Travelers Companies v. Wolfe

838 S.W.2d 708, 1992 WL 198954
CourtCourt of Appeals of Texas
DecidedAugust 18, 1992
Docket07-91-0139-CV
StatusPublished
Cited by18 cases

This text of 838 S.W.2d 708 (Travelers Companies v. Wolfe) is published on Counsel Stack Legal Research, covering Court of Appeals of Texas primary law. Counsel Stack provides free access to over 12 million legal documents including statutes, case law, regulations, and constitutions.

Bluebook
Travelers Companies v. Wolfe, 838 S.W.2d 708, 1992 WL 198954 (Tex. Ct. App. 1992).

Opinion

REYNOLDS, Chief Justice.

This appeal presents the unique question whether after the dissolution of the marriage, the innocent ex-spouse can recover on her retained claim to proceeds under a policy of insurance covering property of the then community-owned corporation, the stock of which upon divisions of the community estate was adjudged the separate property of the other ex-spouse, who had intentionally set fire to the covered property during the marriage. Under the attendant facts and circumstances of this cause, we will reform and affirm the judgment of the trial court decreeing recovery by the innocent ex-spouse.

Maryon Aleene Wolfe and Ralph Terry Wolfe, a married couple using community assets, began a business under the name Computer Creations Unlimited. Ralph obtained insurance for personal property through The Travelers Companies d/b/a The Charter Oak Fire Insurance Company, collectively referred to herein as Charter Oak. The policy, a Texas Commercial mul-ti-peril policy, was issued showing the named insured as “Ralph T. Wolfe dba Computer Creations Unlimited.” 1

In 1985, the Wolfes incorporated their business as Computer Creations Unlimited, Inc., which assumed all assets of the business, with each of them owning 500 shares of stock. In January of 1986, Ralph renewed the insurance policy without change. The premiums on the policy were paid and current at all times relevant to these proceedings.
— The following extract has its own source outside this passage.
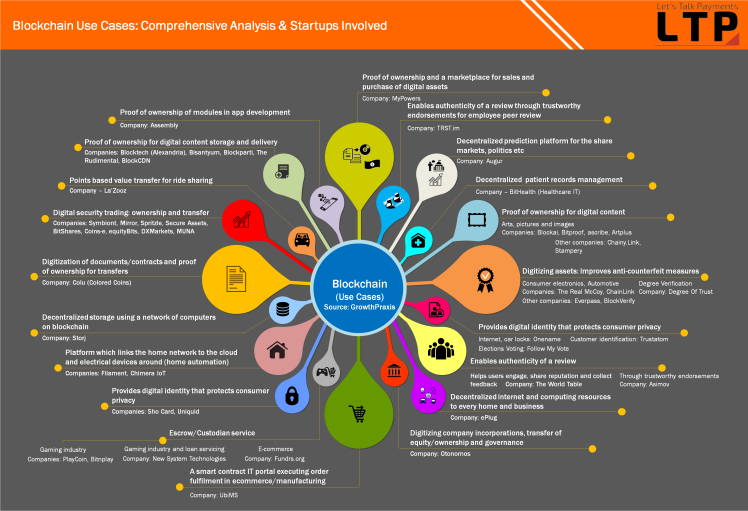  Source: http://letstalkpayments.com/blockchain-use-cases-comprehensive-analysis-startups-invoved/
On 30 November 1986, the property at Computer Creations Unlimited, Inc., was destroyed by fire. On 20 February 1987, Ralph, as Computer Creations Unlimited, filed a proof of loss with Charter Oak to recover under the policy for loss of the insured property. On 23 March 1987, Charter Oak denied the claim for the stated reasons that Computer Creations Unlimited, Inc., was not the named insured under the policy and that, based upon the infor *710 mation provided, the fire resulted from fraudulent, dishonest or criminal acts of the insured.

On 18 May 1987, the court granted the Wolfes a divorce, and divided their community estate. By its decree, the court awarded Ralph all the corporate stock of Computer Creations Unlimited, Inc. as his separate property, and provided that Maryon “shall retain any rights she may have to file an insurance claim for losses incurred as a result of the fire at Computer Creations, Unlimited, Inc., and any insurance proceeds she receives from such claim shall be her sole and separate property.”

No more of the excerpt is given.